Copy out exactly the stretch below, from the line with "c-Myc-responsive protein Rcl" through the line with "microneedling before and after wrinkles", both included; the pictures stay out.

TASK INPUT:
------------------------------------------------------------

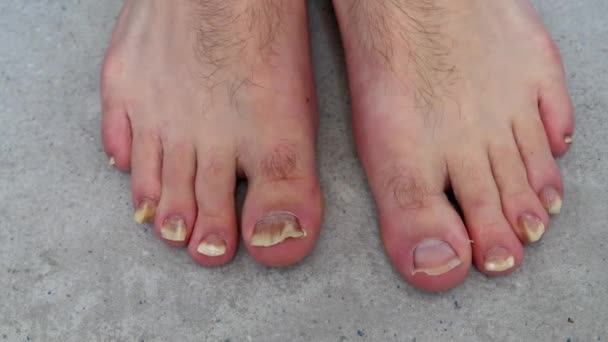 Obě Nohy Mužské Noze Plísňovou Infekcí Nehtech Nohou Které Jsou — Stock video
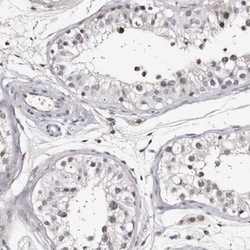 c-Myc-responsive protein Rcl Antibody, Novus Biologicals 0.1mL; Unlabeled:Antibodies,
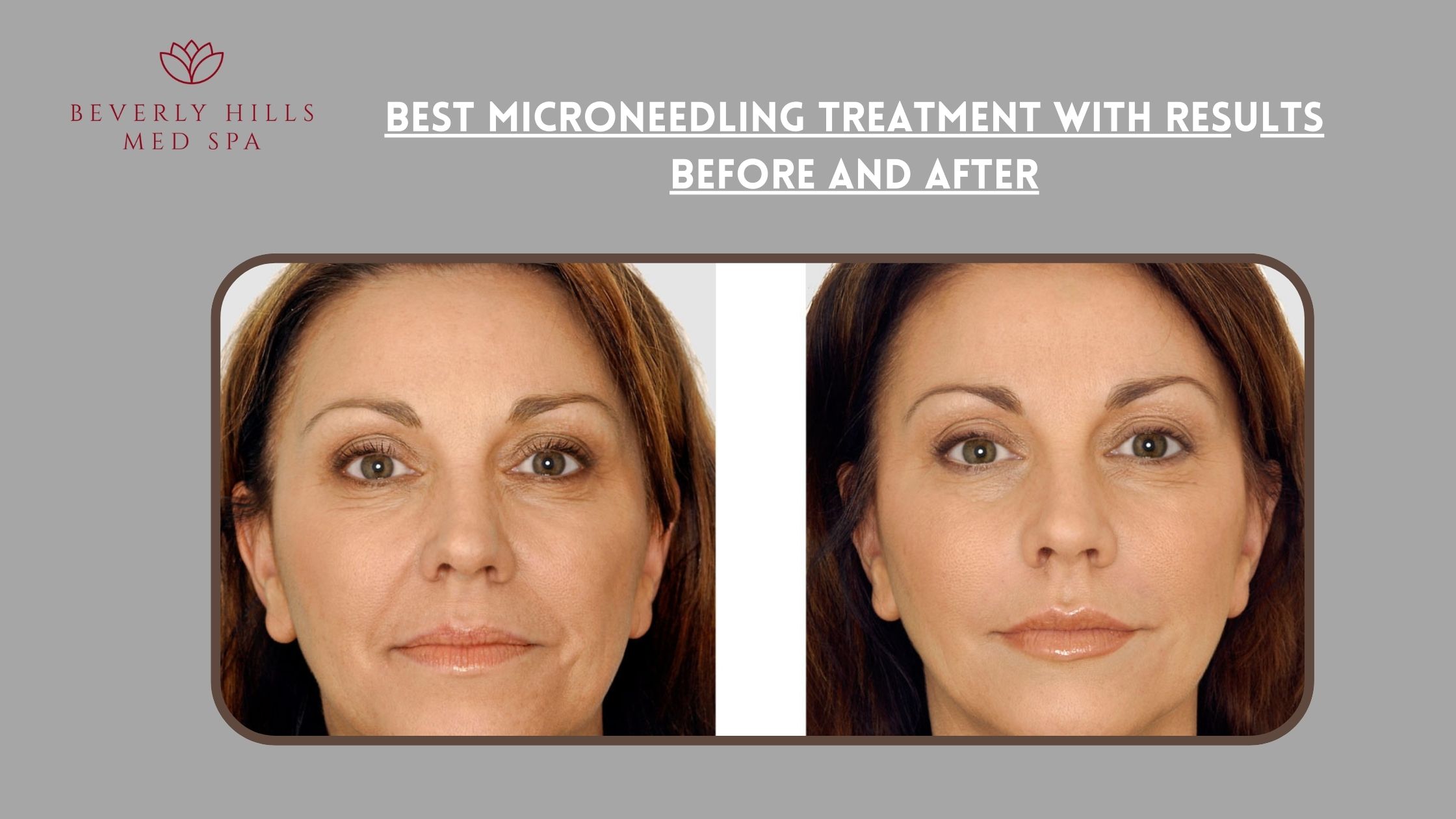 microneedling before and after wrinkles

------------------------------------------------------------

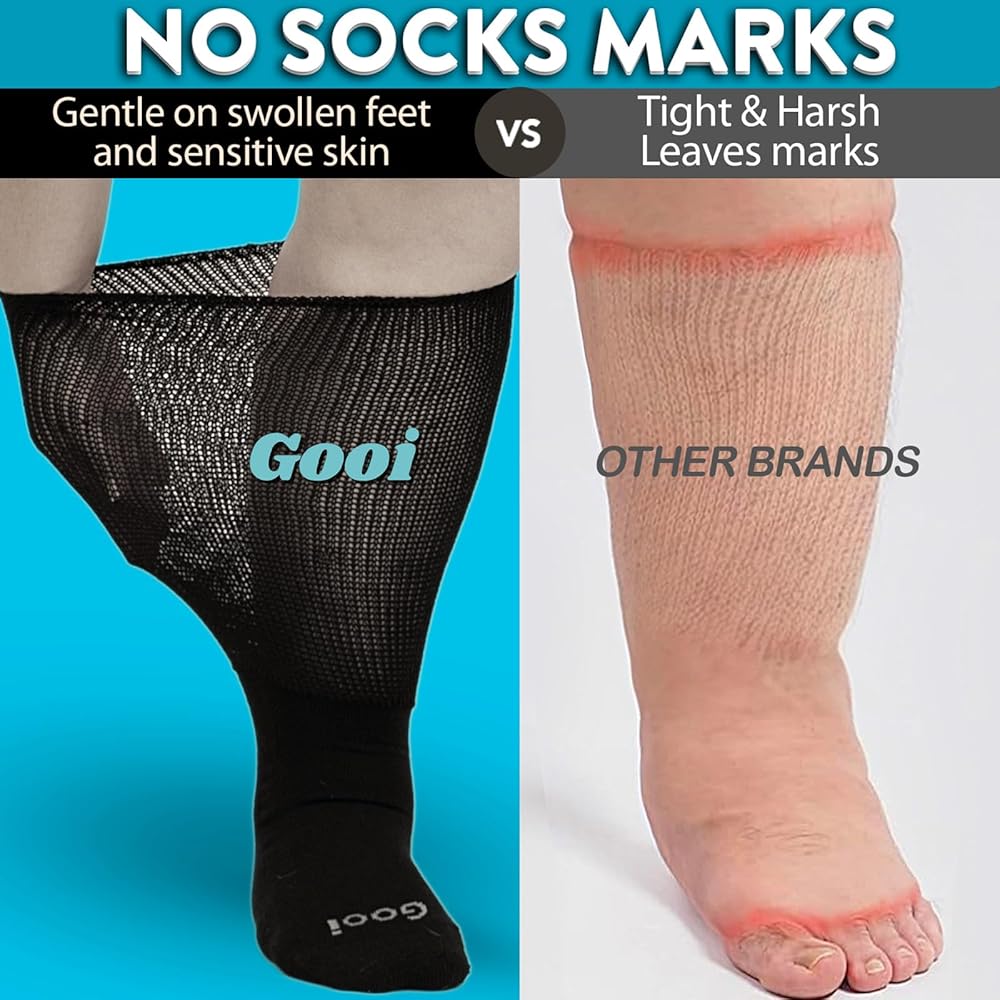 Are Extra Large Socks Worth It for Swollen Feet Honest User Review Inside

------------------------------------------------------------

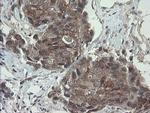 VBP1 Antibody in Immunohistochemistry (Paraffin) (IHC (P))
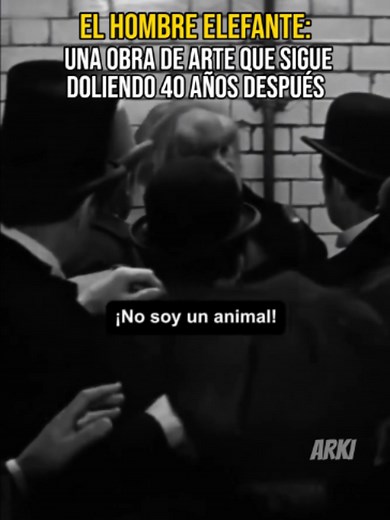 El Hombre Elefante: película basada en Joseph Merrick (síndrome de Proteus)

------------------------------------------------------------

SOLUTION FOR THIS EXERCISE:
 c-Myc-responsive protein Rcl Antibody, Novus Biologicals 0.1mL; Unlabeled:Antibodies,
 microneedling before and after wrinkles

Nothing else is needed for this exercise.